I wanted to be that good, said “Ray Allen” to myself in games when I had an open jumper to make sure my form was there, and most of the time, I hit the shot.
But the other night, my jumper was way off. Maybe my legs were tired, or I was drifting, or pushing the ball rather than flicking my wrist.
Thump. Clang!
And every time I squared up, I pictured Allen in a Miami Heat jersey. He hasn’t even taken the court with the Heat yet, but the fact is: Ray is gone. Apparently dissatisfied with his role in Boston and seeking another championship, he quietly exited for Miami and will play for the Celtics’ biggest rival next year, a team that knocked them out of the playoffs the last two seasons, a team that makes me so sick to my stomach I could barely watch any of the NBA Finals.

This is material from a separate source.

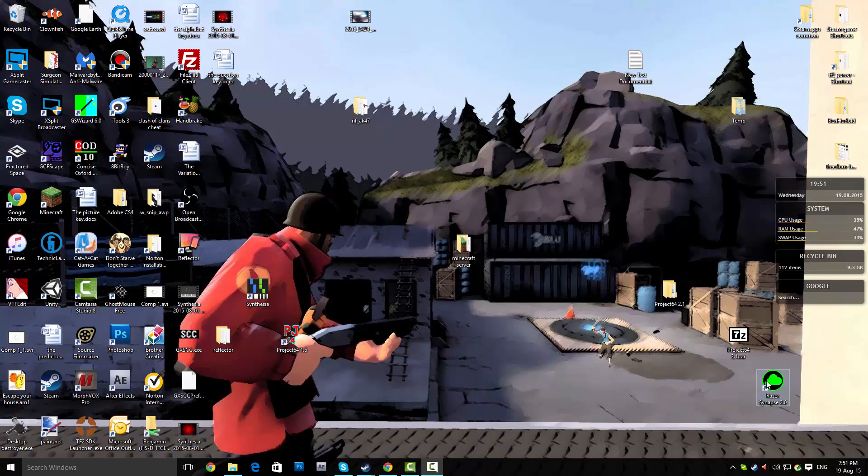Morning, good afternoon, good night everyone. I'm that one guy and today I'm going to be showing you how to install a non-Steam game into Steam.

Locally, the weekend was spent assailing Ray’s reputation. Talk radio was abuzz. Adrian Wojnarowski, after writing one of his famed Yahoo! pieces where anonymous sources paint a controversial picture, popped up on multiple outlets. Barstool Sports, ever the opportunists, printed “Judas Shuttlesworth” t-shirts. Does this stuff only happen in Boston?
If Ray Allen closes out his career with the Miami Heat, so be it. Ty Law went to the Jets. El Tiante pitched his last two seasons with the Yankees and even filmed a hot dog commercial where he stated “it’s nice to play for a weiner.”
So what? When we think of Ty Law, he’s dancing at the Super Bowl parade in ’02. We remember Tiant battling the Reds in the ’75 World Series.
And when we remember Ray Allen, we’ll think of the last five years — times when we worked, we played, we partied, a lot of our friends got married, and the Celtics were exciting because they had Ray and KG and Pierce and Rondo and anything was possible.
Ray’s game gave me goosebumps; the classy way in which he conducted himself off the court only gave rise to admiration. I’m disappointed. I’m sad. I will miss Ray Allen the same way I miss all the greats when they go. It hurts. But he, and we, will move on.
Could we please refrain from kicking the guy on his way out the door?
It was a pleasure, Ray.
I hope Miami loses, but thanks for giving us five awesome years in Boston.